Work order: An exact reproduction of the records is required, with all pictures omitted.

Material provided:
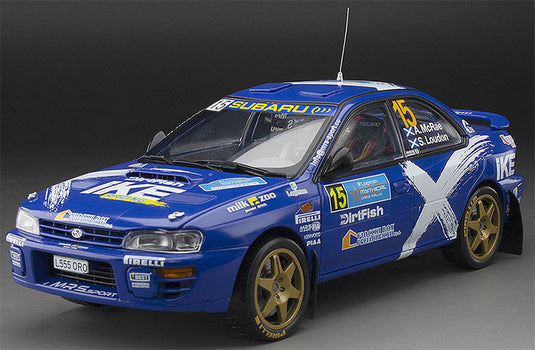 No.15 Subaru Impreza 555 Alister McRae Stuart Loudon Logiman Mythical Cars Rally 2023 / Sun Star 1/18 ミニカー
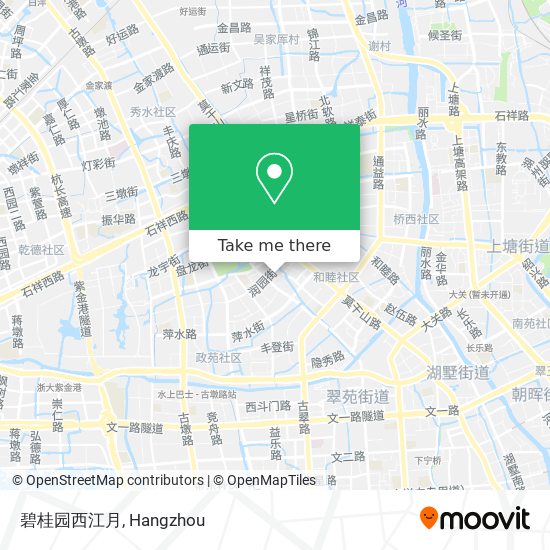 碧桂园西江月 map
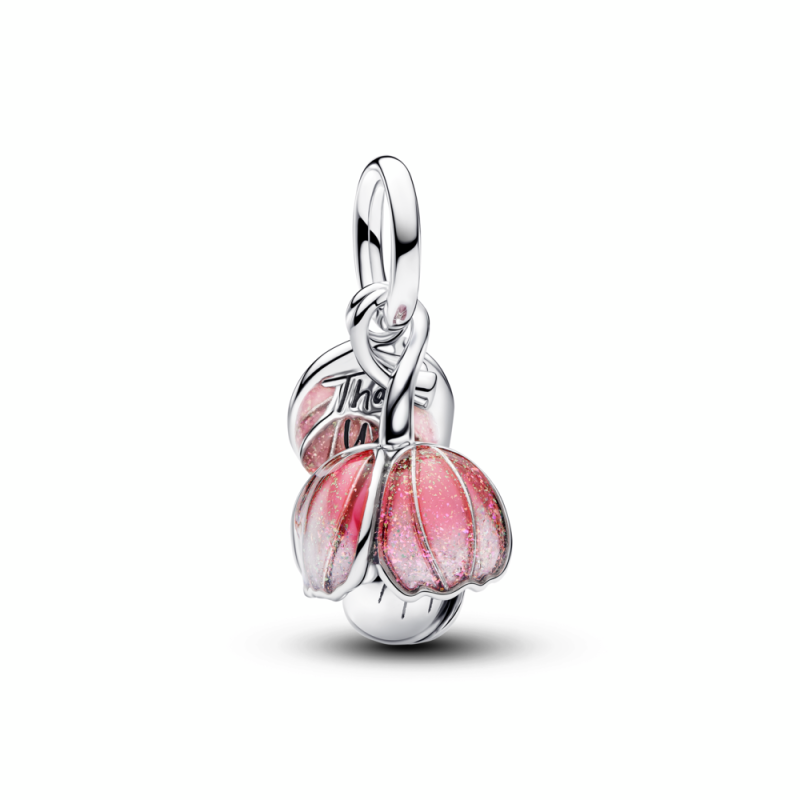 Charm Pandora Colgante plata Dorado Flor Floreciente 764453C01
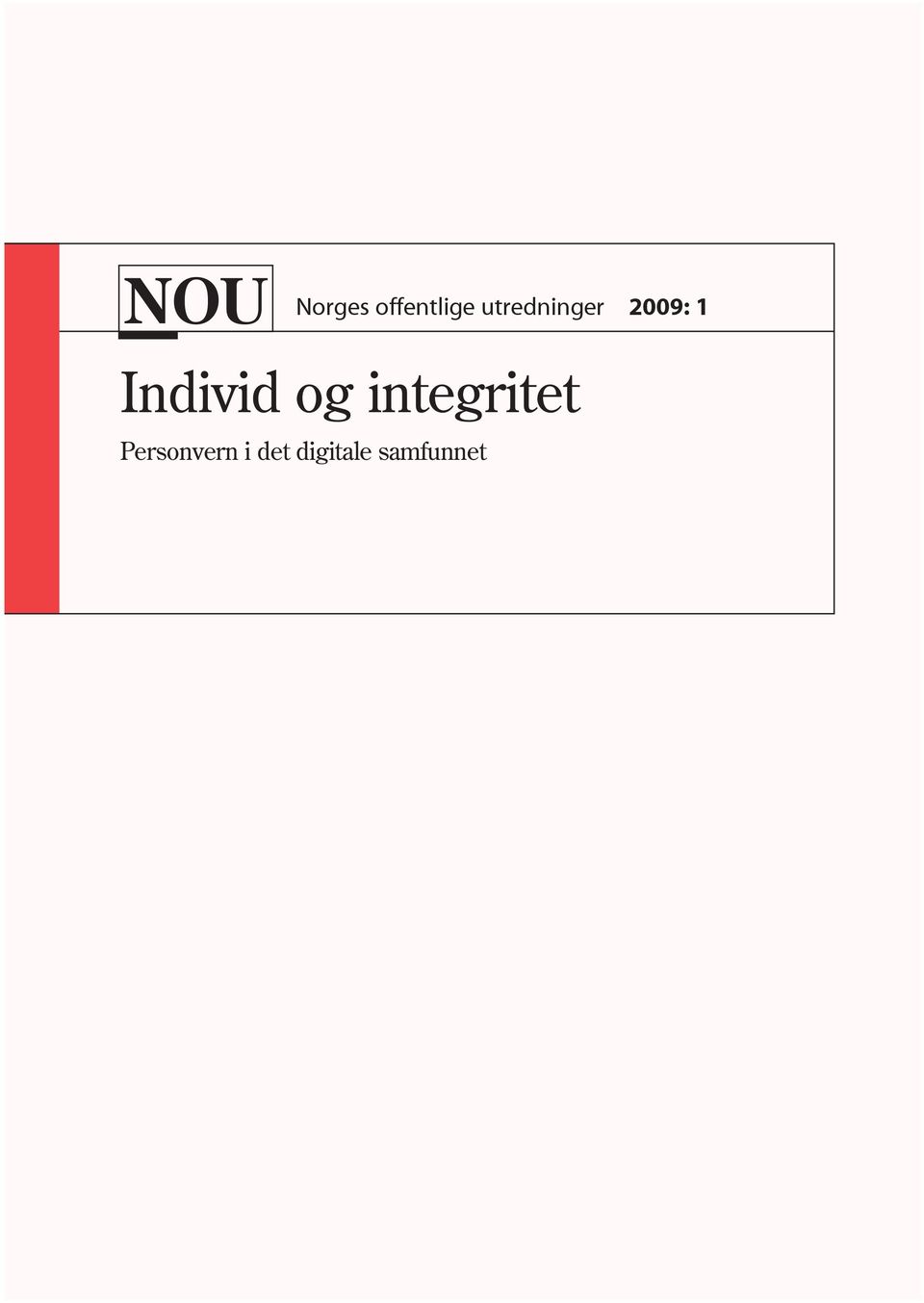 Individ og integritet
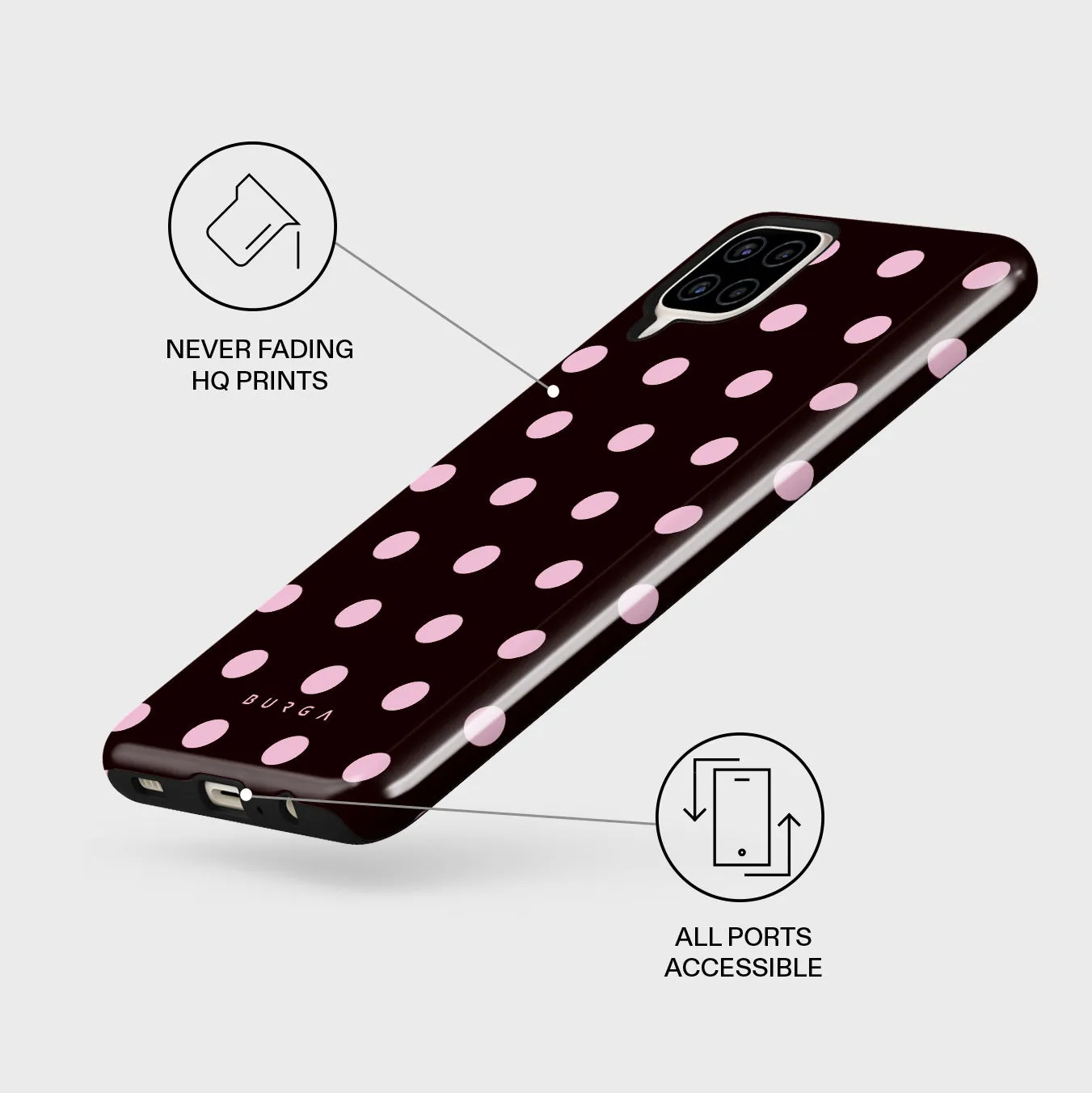 Berry Bliss - Samsung Galaxy A12 4G Case sold by burga product image thumbnail 3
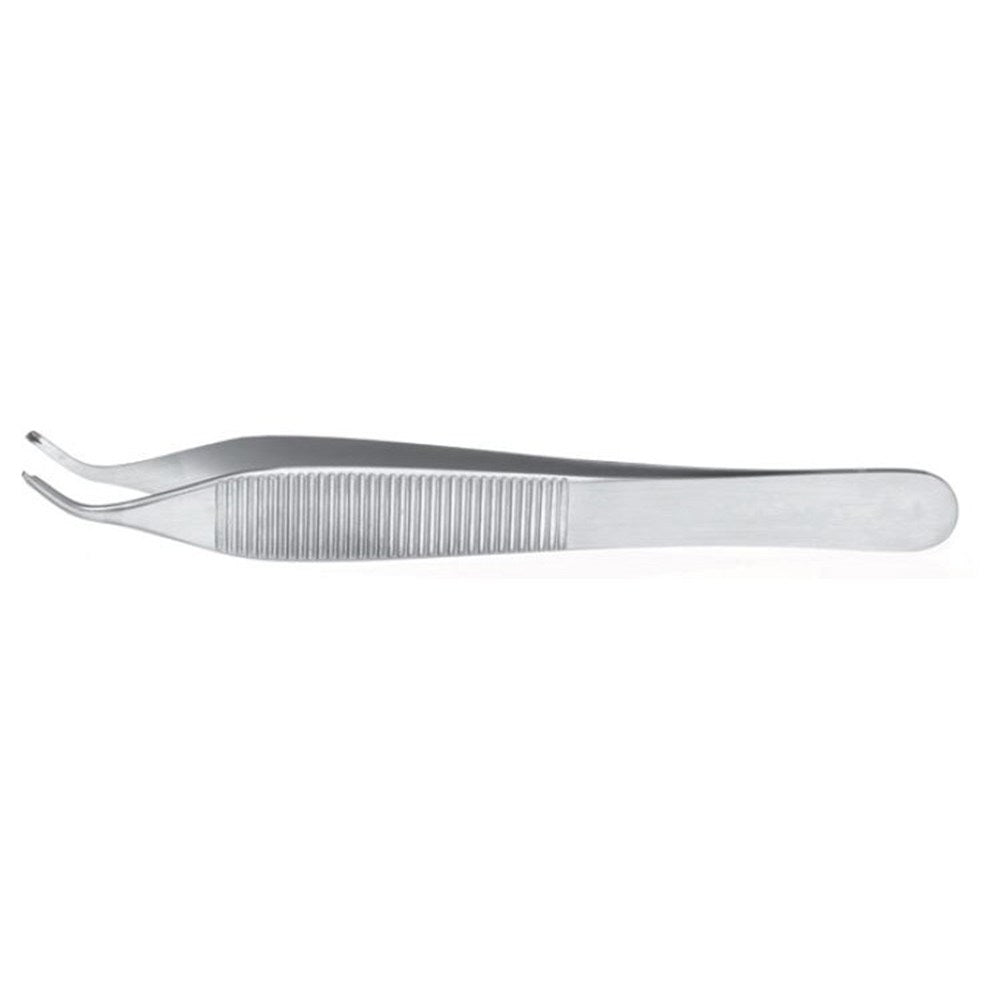MILTEX ADSON Tissue Forceps, 4-3/4" (120mm), angled, 1 x 2 teeth. MPN: 6-120A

Output of the task:
 No.15 Subaru Impreza 555 Alister McRae Stuart Loudon Logiman Mythical Cars Rally 2023 / Sun Star 1/18 ミニカー
 碧桂园西江月 map
 Charm Pandora Colgante plata Dorado Flor Floreciente 764453C01
 Individ og integritet
 Berry Bliss - Samsung Galaxy A12 4G Case sold by burga product image thumbnail 3
MILTEX ADSON Tissue Forceps, 4-3/4" (120mm), angled, 1 x 2 teeth. MPN: 6-120A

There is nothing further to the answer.